§ **WHAT THE EXERCISE ASKS**
Exact copy, no pictures: return only the lines below from the line with "NWOT R13 Distressed" up to and including the line with "Sony XAV-V630BT - XAV-V630BT".

§ **SOURCE MATERIAL**
□ □ □

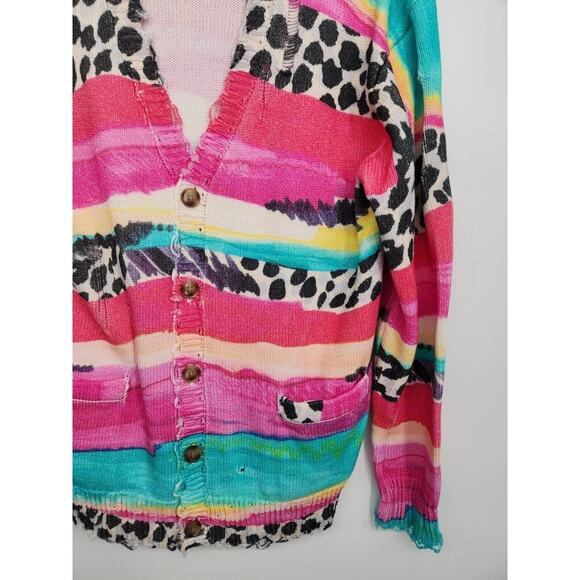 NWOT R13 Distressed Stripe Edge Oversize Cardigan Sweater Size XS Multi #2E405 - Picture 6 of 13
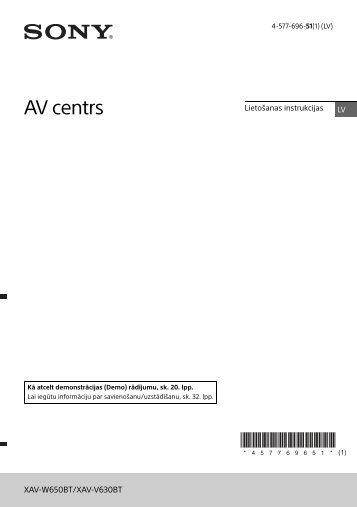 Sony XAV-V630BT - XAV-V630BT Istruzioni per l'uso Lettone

□ □ □

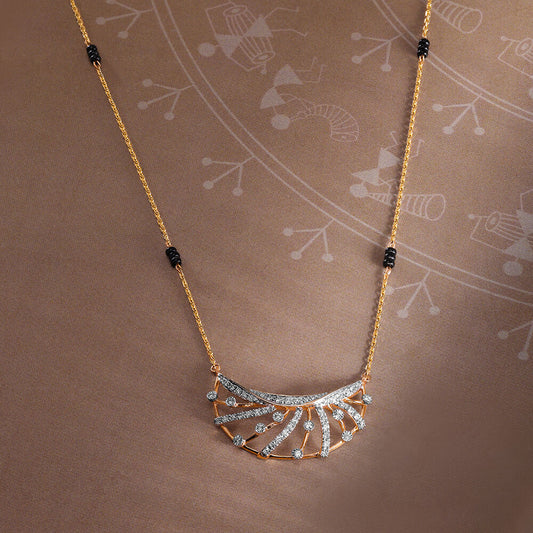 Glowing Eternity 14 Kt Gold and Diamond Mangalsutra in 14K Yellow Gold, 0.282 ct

□ □ □

§ **WRITTEN SOLUTION**
 NWOT R13 Distressed Stripe Edge Oversize Cardigan Sweater Size XS Multi #2E405 - Picture 6 of 13
 Sony XAV-V630BT - XAV-V630BT Istruzioni per l'uso Lettone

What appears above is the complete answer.